Motive is always tough to prove by direct evidence, because we don’t have the ability to read people’s minds in real time, let alone retroactively. When it comes to matters of the mind like motive or intent, the only direct evidence available is a person’s oral or written statements disclosing them. Most people, especially cautious people acting on a motive they know is improper make efforts to conceal, not advertise it. This is why juries are routinely instructed that direct evidence is ordinarily not available to prove a person’s intent or knowledge, but that intent or knowledge may be inferred from a person’s actions and other circumstantial evidence. So, what did Horowitz make of the circumstantial evidence here? He does not say. The standard he applied apparently does not take circumstantial evidence into account, only documentary or testimonial evidence. And in any event, Horowitz did not address the possibility that political or other improper motive might have influenced the FBI’s continuation of its investigations deep into 2017. He only addressed improper motive in relation to the decision to begin the investigation.
Is a conscious choice to alter a document that another person has written, to reverse its meaning before it is submitted to the FISA Court, a mere error?
Motive aside, Horowitz points to 17 separate ways in which the FBI provided false and materially misleading information to the Foreign Intelligence Surveillance Act (FISA) Court in its applications to surveil Carter Page.

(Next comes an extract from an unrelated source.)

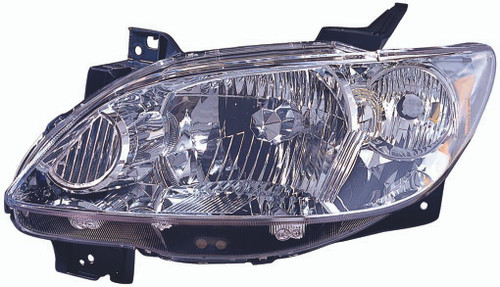 HEAD LAMP LH WO/ROCKER MOULDING HQ REPLACEMENT FOR MAZDA MPV 2005 PARTSLINK NUMBER MA2518111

Horowitz’s report refers euphemistically to these 17 deceptions as “significant inaccuracies and omissions” and as “significant errors” in the FISA applications. To illustrate how watered-down this description is for the conduct, I will focus on just one of these 17 “errors.”
In 2016, Carter Page was a foreign policy adviser to the Trump campaign. Page was an oil industry consultant who had previously worked as a CIA asset, providing information about his contacts with certain Russian intelligence officers. The CIA deemed that the information they received from Page when he was a CIA asset was credible. Christopher Steele was a former British spy, working with Fusion GPS to gather dirt on Donald Trump on behalf of Hillary Clinton’s presidential campaign. Steele had significant contacts with the FBI as a result of his former role in British intelligence. As a source of information for the FBI, his record was a little dodgy. On September 19, 2016, the FBI received a document containing information that Steele assembled for the Clinton campaign, now widely known as the Steele Dossier. Included in that information was an uncorroborated third-party claim that Carter Page was an intermediary between Russia and Paul Manafort in what what was called a “well-developed conspiracy” of cooperation. Paul Manafort was at one point Trump’s campaign manager. Before the FBI received the Steele Dossier, they lacked grounds to pursue a FISA Court order to surveil Page. As Horowitz puts it, the Steele Dossier “played a central and essential role” in the FBI’s decision to seek a FISA order. In turn, the information in the Steele Dossier became a central and essential source for the information provided to the FISA Court in support of the surveillance orders against Page.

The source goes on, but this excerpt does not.